SSIS Amazon Storage Task (AWS S3)
PreviousNext

Amazon S3 Storage Task can be used to perform various operations with Amazon S3 Storage objects (buckets and files) (e.g. Download, Upload, Copy, Move, Rename, Delete etc). You can also get single property of any S3 file or get list of files as ADO.net Table and which can be easily loop through using ForEachLoop Task. Most of operations in this task support recursive search using wild card pattern (e.g. Myfile*.txt). Amazon S3 is one of the most popular Cloud Storage Services available right now.

Download SSIS PowerPack

Content

Video Tutorial

Step-By-Step

In this section you will learn how to download file from Amazon S3 using Amazon S3 Storage Task. in few clicks.
  1. In order to connect to Amazon S3 from SSIS you will need Access Key and Secret Key. Ask your SysAdmin or responsible person to provide that to you. Your keys will look something like this: (this is just example key which may differ in your case)
    AccessKey: AKIAIOSFODNN7EXAMPLE
    SecretKey: wJalrXUtnFEMI/K7MDENG/bPxRfiCYEXAMPLEKEY
                
    Click here to read more how to get your AccessKey and Secret Key

  2. Once you have Access Key and Secret Key you may proceed to create new SSIS package. In BIDS/SSDT create new SSIS package
  3. From toolbox drag BW Amazon Storage Task on the designer surface.
    configure-ssis-amazon-s3-storage-task
  4. Double click on the task to configure it.
  5. From the Storage Action dropdown select DownloadFileFromAmazon (This is default option).
  6. Under Source Connection click [New] to create S3 Connection Manager.
    configure-ssis-amazon-s3-storage-task
  7. On Connection Manager UI enter your Amazon S3 account Access Key and Secret Key and leave all other options as default. Click Test Connection and if test successful then hit OK to close the connection manager dialogbox.
    configure-ssis-amazon-s3-storage-task
  8. Now on Task UI browse source file you want to download. To browse Amazon S3 file click on browse button this will launch S3 File Picker dialogbox. After file is selected click OK.
    Note: If you want to download multiple files then use wild card pattern as below (when you use wild card pattern in source path then system will treat target path as folder regardless you end with slash )
    Examples:
    mybucket/myfile123.txt (single file)
    mybucket/myfile*.txt (all files starting with myfile)
    mybucket/mysubfolder1/myfile*.txt (all files starting with myfile and located under folder mysubfolder1)

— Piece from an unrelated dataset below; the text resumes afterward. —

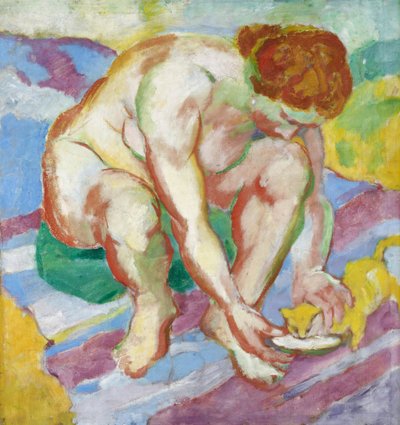 Nøgen med kat af Franz Marc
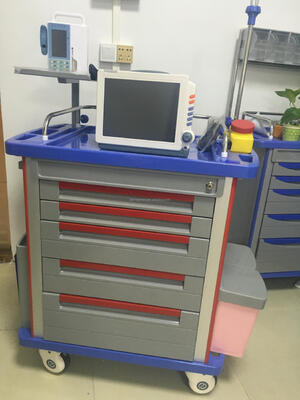 Guangzhou Cheap Hospital Emergency Trolley Equipment Resuscitation Trolley Pediatric Medical Crash Cart Price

    configure-ssis-amazon-s3-storage-task
  9. Once source file is selected browse target path where you want to place downloaded file. You may type folder path or exact file name you want to assign to downloaded file.
    configure-ssis-amazon-s3-storage-task
  10. Once Source and Target path configured you may run the package to test. That's it you downloaded S3 file to local machine without learning any Complex APIs.
    configure-ssis-amazon-s3-storage-task configure-ssis-amazon-s3-storage-task

Properties

Property Name Description
StorageAction This property determines what action needs to be performed on Amazon S3 object(s).

Available Options

  • DownloadFileFromAmazon : Download Amazon S3 file(s) to local machine (Wild card pattern is supported). File Transfer is done using multiple threads which can be configured using MaxParallelThreads property of S3 Connection(From Connection Manager UI)

  • UploadFileToAmazon : Upload local file(s) to Amazon S3 storage (Wild card pattern is supported). File Transfer is done using multiple threads which can be configured using MaxParallelThreads property of S3 Connection(From Connection Manager UI)

  • DeleteAmazonFile : Delete file(s) from Amazon S3 bucket (Wild card pattern is supported)

  • DeleteAmazonBucket : Delete single Amazon S3 bucket

  • CopyAmazonFileToAmazon : Copy Amazon S3 file(s) to different S3 bucket or different subfolder (Wild card pattern is supported).
    Note: In current version source and target S3 Account must be same for Copy/Move operation. However in the future we may add support to copy/move between different S3 Accounts.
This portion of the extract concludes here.